Crack In Glazed Vase

25 January 2014 - 05:02 PM

I recently glaze fired this vase, and thought it came out of the kiln fairly well.

There was initially only some crazing on one of the glazes I used, which didn't concern me, as it was a decorative piece. 

However, several hours later, when I looked at the vase, these cracks had appeared.  Obviously, they are very much structural.

My first thought, is that they are stress cracks, that just didn't show up earlier in the process.  As you can see, one of them follows the curve, where the body meets the neck.  I had a bit of an issue with this area, when throwing.  It really wanted to "flop".  I'm guessing, this is where the initial structural problem arose.

I've just never had something crack this long after unloading it from the kiln. 

I plan to make a vase using a similar glaze combination in the near future.  So I'm trying to figure out if it was just a clay structure issue, or if the glaze fit, could have caused a crack this badly in the clay body?

Cracked Vase Top
Cracked Vase Side

 


Random Idea, I Thought I'd Try

10 January 2014 - 12:13 AM

So for whatever reason, I've had the idea for a while, to use a hollowed pumpkin as a reduction chamber for a Raku piece.

A few weeks ago, I finally had the chance, as I happened to have a pumpkin sitting around.  I wanted a bit more combustion, so I dried it a bit first.  Sadly, the made the top fit poorly, and not seal well. 

Nothing really big happened, but there are a few interesting spots where the color changed.   I really do like the inside, which I've never had turn out like that normally.

The middle bowl, is the one that went into the pumpkin.  The two outer bowls, were fired in metal bins, with newspaper.

Pumpkin Reduced Raku
Pumpkin Reduced Raku Top

 


Oops How Did That Happen?

05 January 2014 - 11:30 PM

So I recently had a situation, where a student project had a defect during a firing, the thing is, it went according to my plan.

In other topics, there have been discussions of accidentally breaking a student's project, but have you ever damaged a student's project (for whatever reason) on purpose?

 

I'll start.  There have been a few projects over the years, where I questioned their intended use.  So I'd make some alterations pre-bisque, like small holes or "cracks"  Also I just don't allow any small bowl type object, with notches in the top.  I'll tell the students to get rid of them.  If they don't, I'd take a fettling knife to the pieces, and I am not careful, or neat about it.

 

In regards to the project, that inspired this topic, I had a student make a nice coil pot.  It had some nice additive elements, and the student put a lot of time, both into the building and glazing.  However, the student kept asking odd questions, that made it sound like they wanted to use the pot.  The project isn't meant to create functional wares.  The project in question, would not be functional, for any legit purpose.  The student was also very adamant about me glaze firing the project.  They really wanted it back.  This was before the Christmas break, so I asked, if it was going to be a gift.  They said no, so I inquired further about why they needed it so soon?  They just said, they really wanted it.  The final straw was, when a couple of the student's friends came to look at the project, with big grins on their face.  I asked them why.  They didn't say.

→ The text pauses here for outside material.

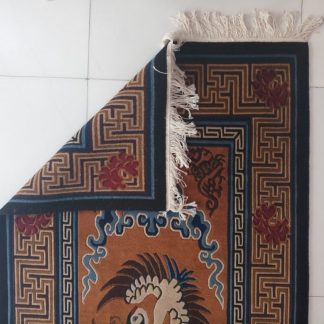 Tibetan Carpet Bird rear view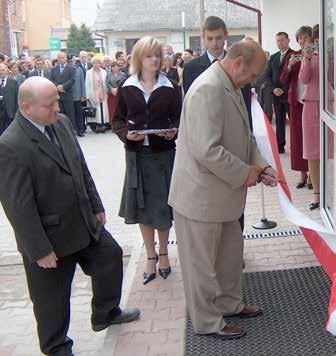 Inwestycja realizowana była w latach 2004-2006. Koszt projektu wyniósł ponad 2,8 mln zł. Generalnym inwestorem przedsięwzięcia była Gmina Grabowiec. III Zjazd Absolwentów LO w Grabowcu, 23.06.2007 r.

So I decided I needed to do something about it.  I wasn't going to break the project, but I wanted to make it non functional, for any conceivable purpose, besides being purely decorative.  So, I fired it one evening.  When I came back in the next day, the kiln was still around 300 F.  Not terribly hot, but probably a little too warm, to be set next to an open window, where the outside temperature is around 0 F.  Sure enough I hear "ping, ping, ping".  Moments later, hey look stress cracks!.....

I put the project back in the kiln, and when I unloaded the kiln during class, "Oh no, that's too bad....."  I assured them, the cracks wouldn't affect their grade, and it will still look quite nice. 

The student really wanted to find a way to fill the cracks.  I said there weren't any.  "Couldn't we put glaze in there"...NOPE!  And even worse, the student asked if they could come in next term, and make another coil project.  They even offered to pay for the materials.  I said, no.